__Source information__.

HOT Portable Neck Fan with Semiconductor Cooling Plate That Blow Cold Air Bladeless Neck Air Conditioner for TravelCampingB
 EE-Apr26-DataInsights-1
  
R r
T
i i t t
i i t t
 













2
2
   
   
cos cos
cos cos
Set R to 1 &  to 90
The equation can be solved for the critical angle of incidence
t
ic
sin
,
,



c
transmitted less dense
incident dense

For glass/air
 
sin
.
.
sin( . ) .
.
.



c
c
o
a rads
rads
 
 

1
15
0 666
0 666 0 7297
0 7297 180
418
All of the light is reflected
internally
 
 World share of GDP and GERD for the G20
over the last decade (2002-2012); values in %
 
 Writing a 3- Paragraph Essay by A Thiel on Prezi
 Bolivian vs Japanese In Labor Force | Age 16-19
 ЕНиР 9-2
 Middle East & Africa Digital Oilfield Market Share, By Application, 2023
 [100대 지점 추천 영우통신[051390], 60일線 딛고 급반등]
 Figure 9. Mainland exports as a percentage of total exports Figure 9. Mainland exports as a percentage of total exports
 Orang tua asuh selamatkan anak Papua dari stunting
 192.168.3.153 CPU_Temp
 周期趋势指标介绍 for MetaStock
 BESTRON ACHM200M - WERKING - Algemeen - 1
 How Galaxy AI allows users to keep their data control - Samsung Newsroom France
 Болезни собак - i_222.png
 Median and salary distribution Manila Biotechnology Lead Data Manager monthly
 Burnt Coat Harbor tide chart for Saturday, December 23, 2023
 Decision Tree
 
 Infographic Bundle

__Work request__. Lines containing "dense": tally them across the records above and give the total alone.

__Response below__. 2